ALBANY, Ga. -- The questions were frequent and thoughtful.
Deerfield-Windsor School sixth- through eighth-graders couldn't get enough of "Whispers From the Bay" author John Tkac, who captured the Florida Book Awards' 2008 Gold Medal in its Young Adult Literature category.
Tkac of Delray Beach, Fla., spoke recently to Deerfield students in an assembly and in the school's media center to classes.
The middle school students read his book about a boy who can communicate with dolphins as one of two books students were required to read this summer. Students were assigned activities to tie into Tkac's book the first two weeks of school, said middle school language arts/reading teacher Peggy Kinsaul, who coordinated the author's visit. Kinsaul said the school bought about 200 copies of the book from Tkac.
Seventh-grader Tre'Vonte Beach asked the author several insightful questions during Tkac's talk.
"(I was) very interested," he said. "A lot of books just keep going but aren't interesting, but this one had a lot of twists and turns. ... I liked how he showed him and the dolphins and their companionship and how they connect with each other."
Tkac, who lived in Albany 1973-82 when he was a sales manager for Pritchett Ford, said his life literally changed when he won the Florida Book Awards Gold Medal. Tkac self-published the hardback book -- listed at $22.95 -- under his Southeast Books company.

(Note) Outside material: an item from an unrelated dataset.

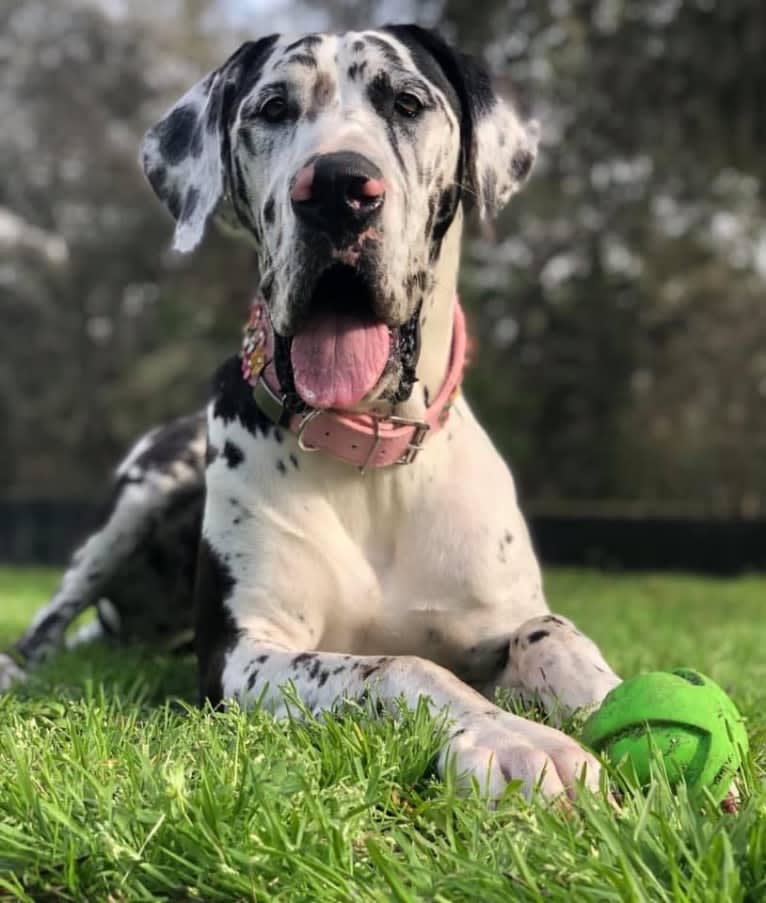 Molly, a Great Dane tested with EmbarkVet.com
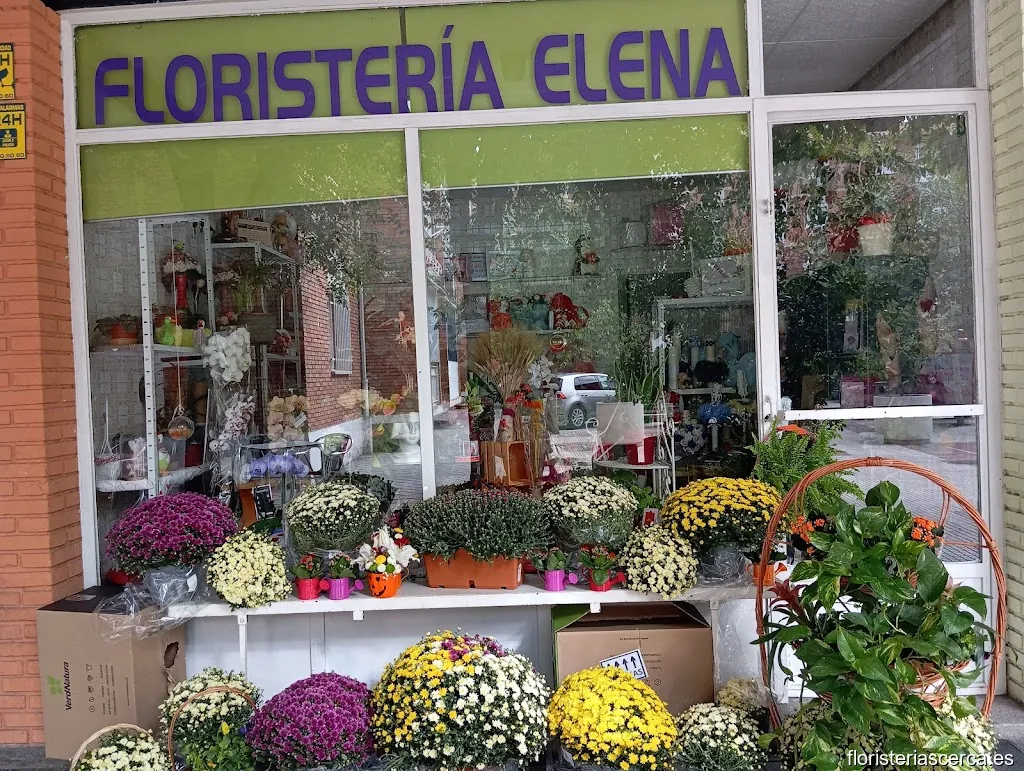 Floristeria Elena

"When I won the Gold Medal last year from the Florida Book Awards in young adult literature, it changed my world," said Tkac, who sold his car dealership in 2005 to began writing full time. "It's a Florida author about a book that takes place in Florida. Every library in the state was practically bound to purchase the book. It went from being a very expensive hobby to a very lucrative endeavor. One gold equaled 20,000 books immediately."
In his visit to the Albany school, Tkac said he was pleased by the questions the students asked.
"I've been to about 150 schools and this is one of the nicest ones I've ever been to because of the astute questions, especially the younger ones," said Tkac, who's also a motivational speaker. "The sixth-graders (asked), 'What inspired you to write this book?' I mean, that's astute questioning."
Tkac answered some of that question while he was talking to the middle schoolers.
"I am a born-and-raised Miami boy," he told the students. "My brother and I used to go out and fish in Biscayne Bay in our aluminum boat and the dolphins would all come up to us."
To make the 212-page book as "scientifically accurate" as possible -- except for dolphins that telepathically speak English, he joked -- Tkac went to great lengths. This included swimming with dolphins 21 times.
When asked by a student what he would ask a dolphin if he could communicate with one, Tkac answered, "What could we do to make their lives healthier and are the seas getting warmer based on global warming?"
Tkac, who earned a bachelor's degree from Notre Dame and master's from the University of Georgia, reminded the students that dolphins' only natural predator are sharks. However, he said, "People are the biggest killers of dolphins."